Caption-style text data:
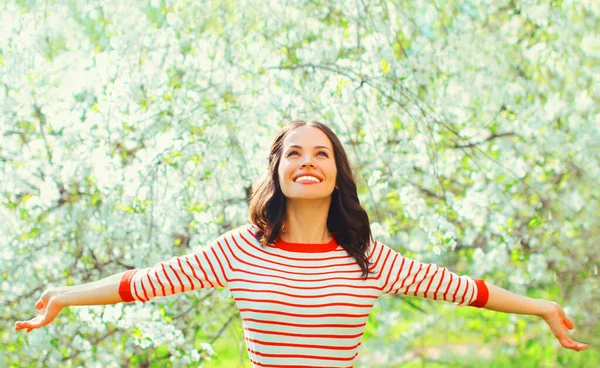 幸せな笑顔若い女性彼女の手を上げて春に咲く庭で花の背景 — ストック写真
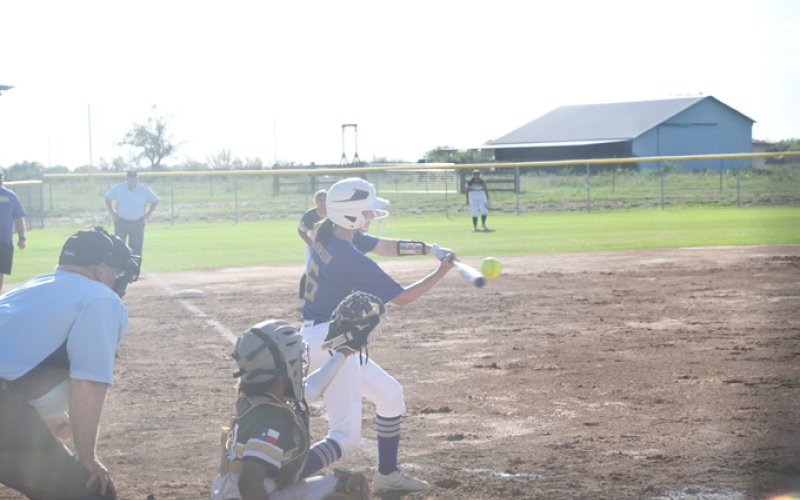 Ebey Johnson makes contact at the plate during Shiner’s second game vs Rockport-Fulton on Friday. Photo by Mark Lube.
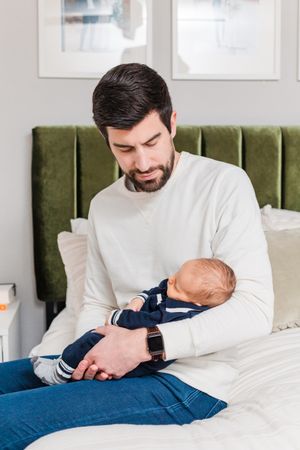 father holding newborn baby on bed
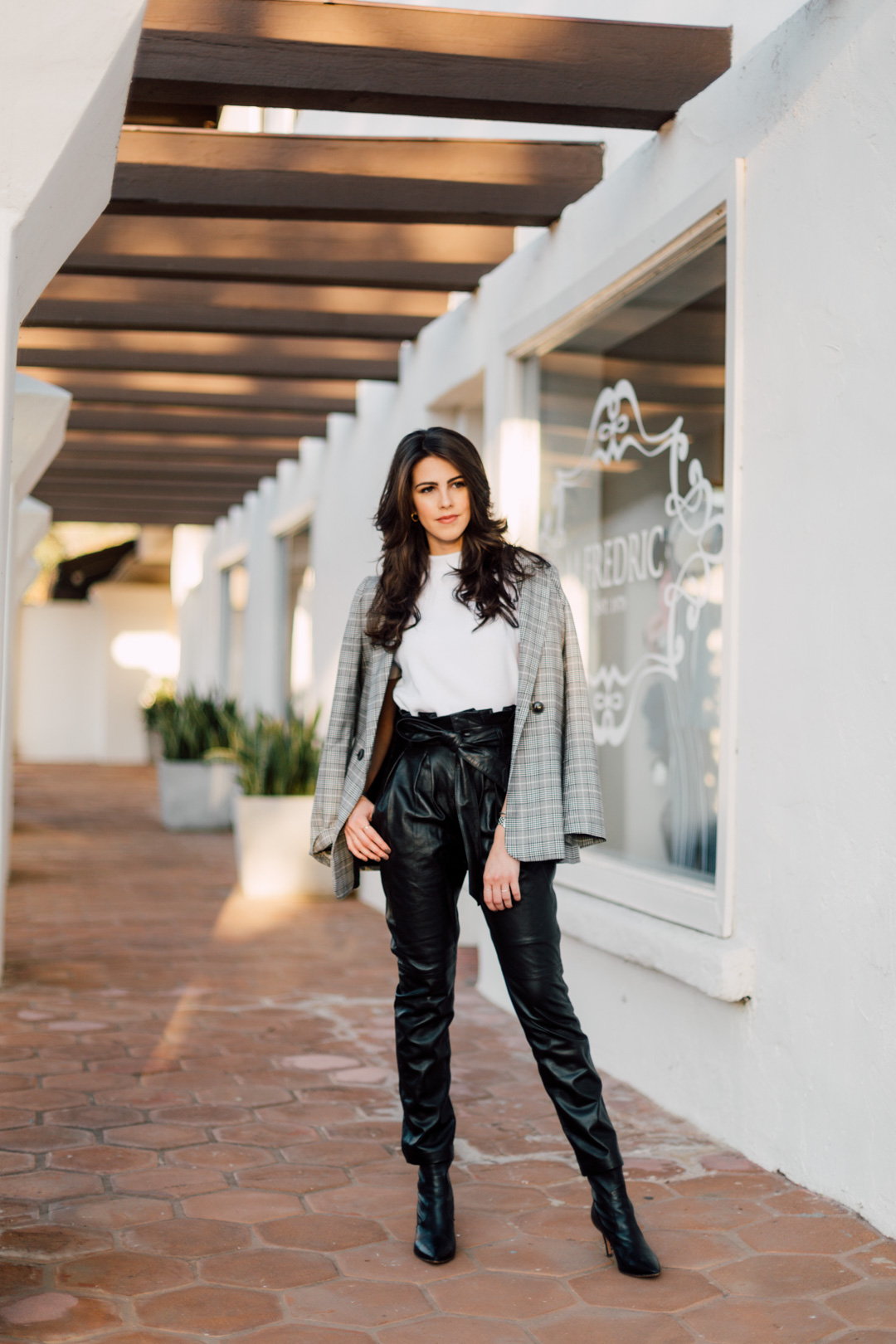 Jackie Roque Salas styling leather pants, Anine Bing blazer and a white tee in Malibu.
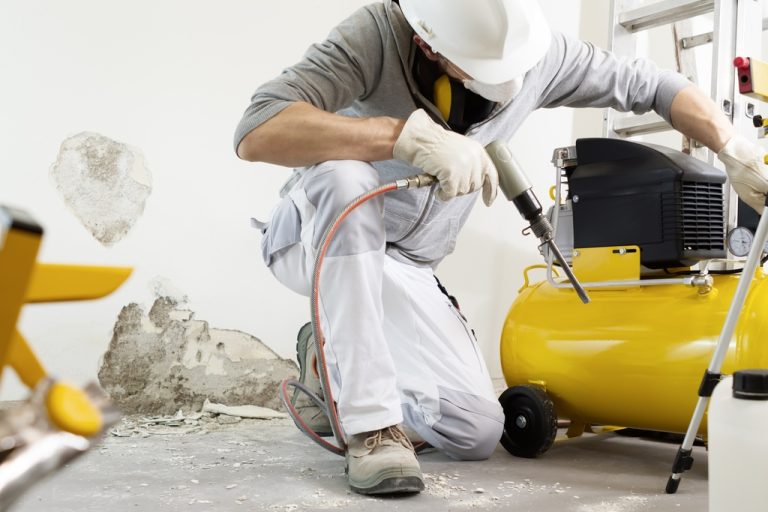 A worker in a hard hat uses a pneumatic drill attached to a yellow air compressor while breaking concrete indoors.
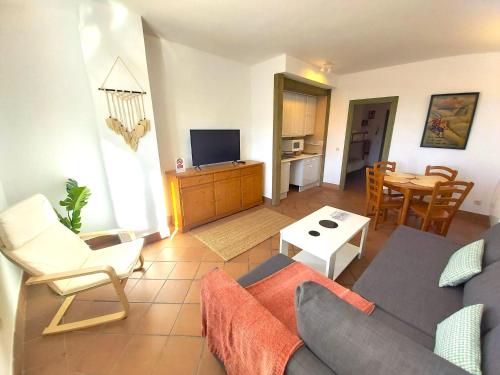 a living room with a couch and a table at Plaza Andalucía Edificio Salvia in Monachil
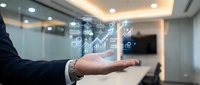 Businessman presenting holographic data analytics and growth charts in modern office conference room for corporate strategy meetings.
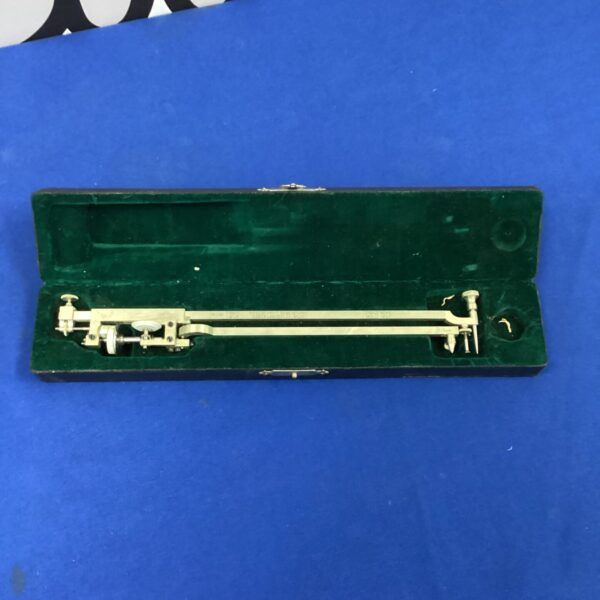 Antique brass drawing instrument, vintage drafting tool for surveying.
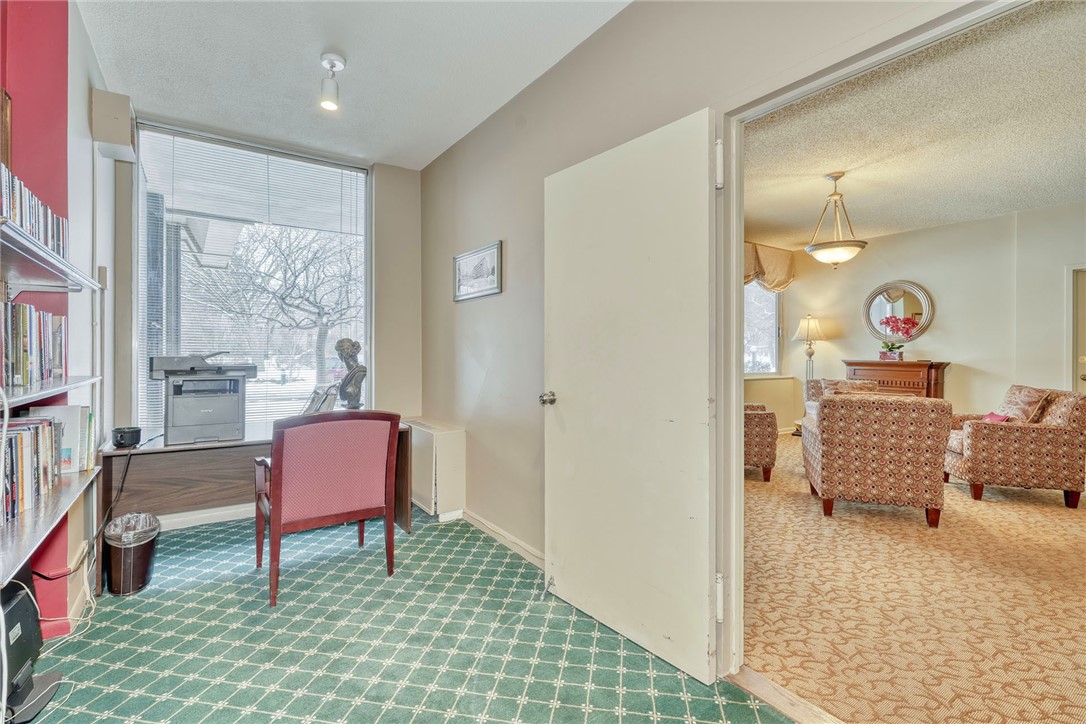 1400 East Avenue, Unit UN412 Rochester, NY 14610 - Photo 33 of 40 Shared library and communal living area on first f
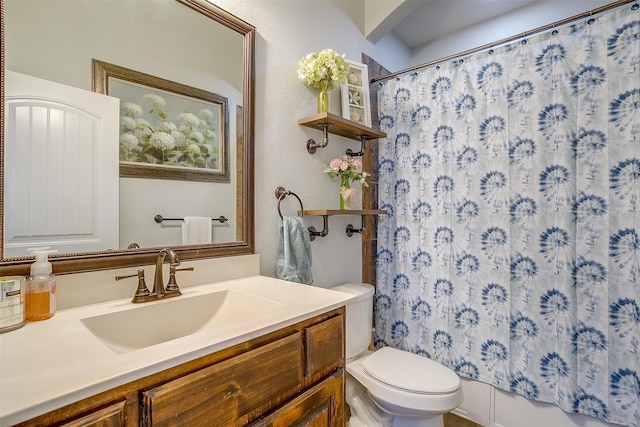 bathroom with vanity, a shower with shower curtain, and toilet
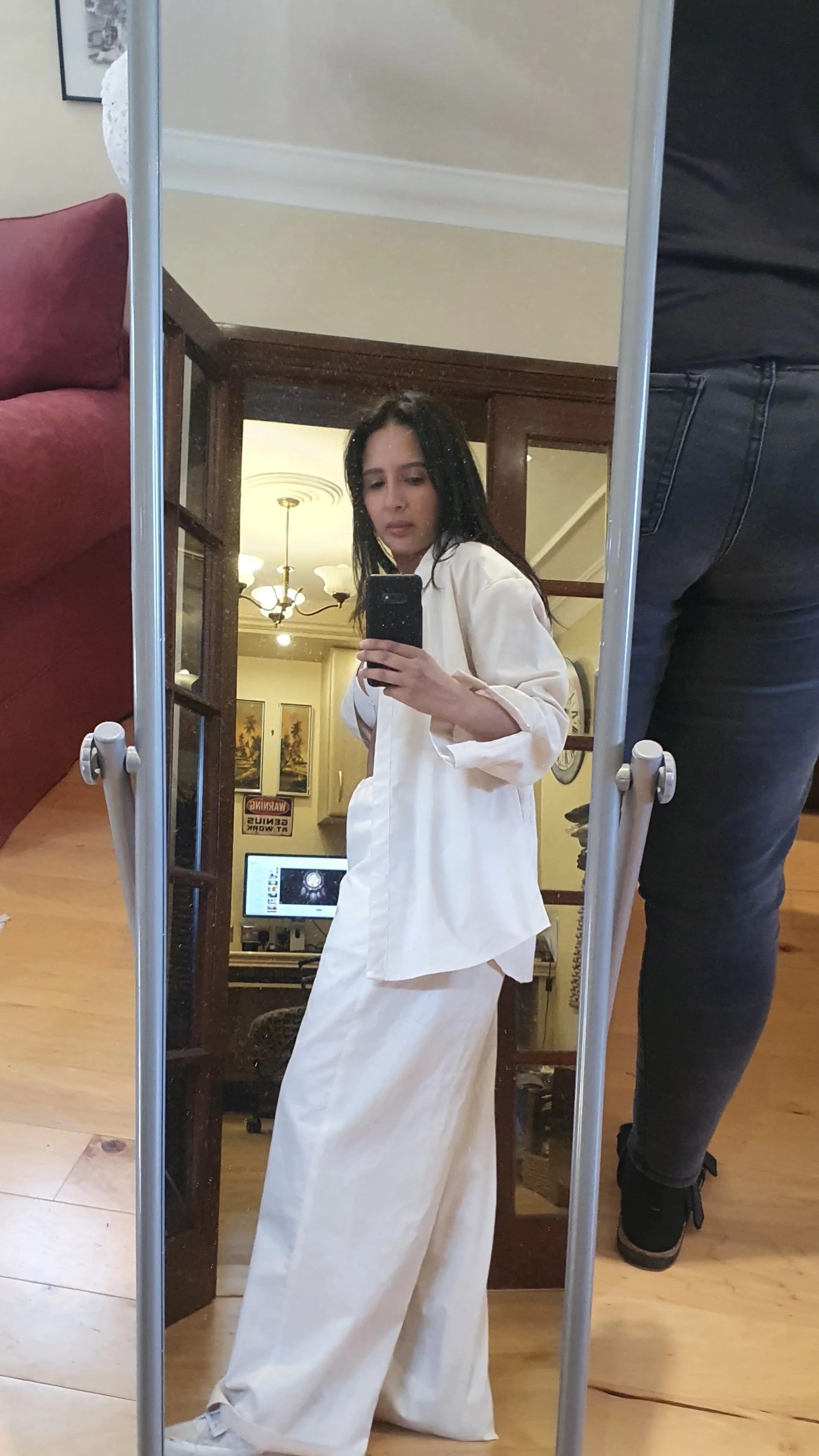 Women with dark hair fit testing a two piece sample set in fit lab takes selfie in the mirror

▶ EXERCISE INSTRUCTIONS
Word for word and without any pictures, return all of the lines above.

▶ OUTPUT FOR THIS EXERCISE
 幸せな笑顔若い女性彼女の手を上げて春に咲く庭で花の背景 — ストック写真
 Ebey Johnson makes contact at the plate during Shiner’s second game vs Rockport-Fulton on Friday. Photo by Mark Lube.
 father holding newborn baby on bed
 Jackie Roque Salas styling leather pants, Anine Bing blazer and a white tee in Malibu.
 A worker in a hard hat uses a pneumatic drill attached to a yellow air compressor while breaking concrete indoors.
 a living room with a couch and a table at Plaza Andalucía Edificio Salvia in Monachil
 Businessman presenting holographic data analytics and growth charts in modern office conference room for corporate strategy meetings.
 Antique brass drawing instrument, vintage drafting tool for surveying.
 1400 East Avenue, Unit UN412 Rochester, NY 14610 - Photo 33 of 40 Shared library and communal living area on first f
 bathroom with vanity, a shower with shower curtain, and toilet
 Women with dark hair fit testing a two piece sample set in fit lab takes selfie in the mirror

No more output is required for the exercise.